Output the listing verbatim, leaving out every picture.

• Material provided:
<<<<

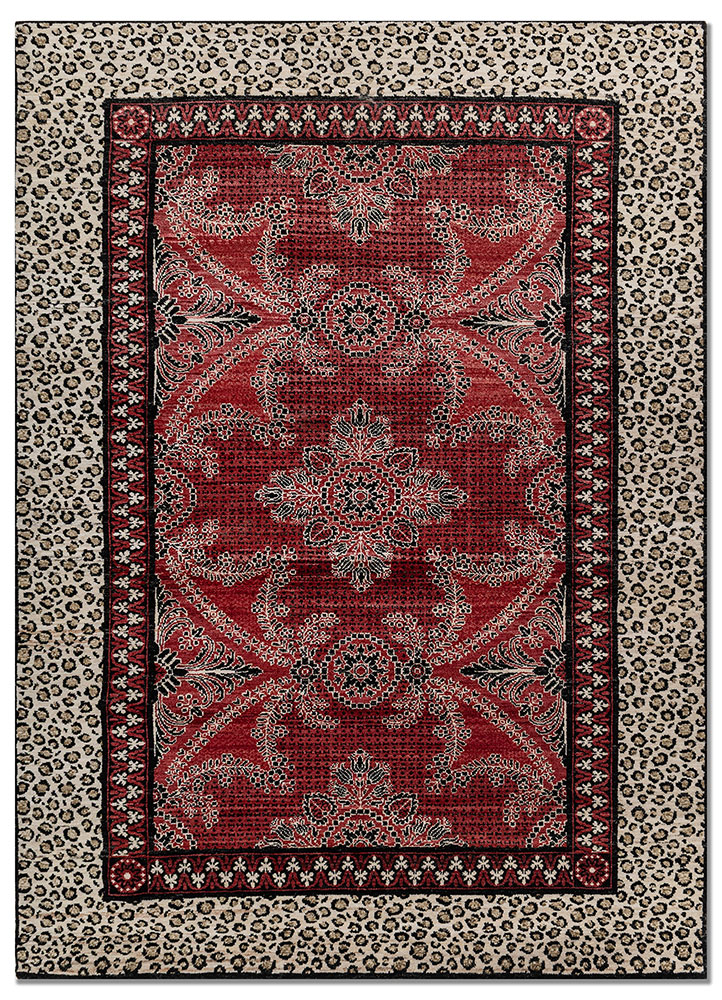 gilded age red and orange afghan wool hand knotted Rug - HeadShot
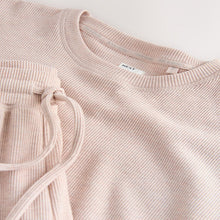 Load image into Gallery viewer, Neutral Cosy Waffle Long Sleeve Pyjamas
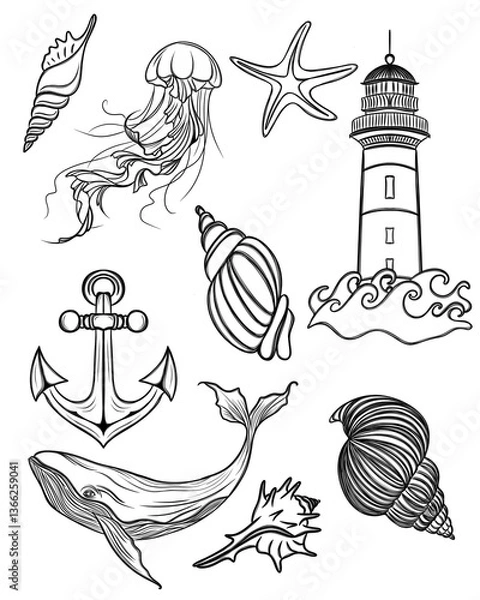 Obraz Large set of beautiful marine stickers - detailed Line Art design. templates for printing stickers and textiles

>>>>

• Reply:
 gilded age red and orange afghan wool hand knotted Rug - HeadShot
 Load image into Gallery viewer, Neutral Cosy Waffle Long Sleeve Pyjamas
 Obraz Large set of beautiful marine stickers - detailed Line Art design. templates for printing stickers and textiles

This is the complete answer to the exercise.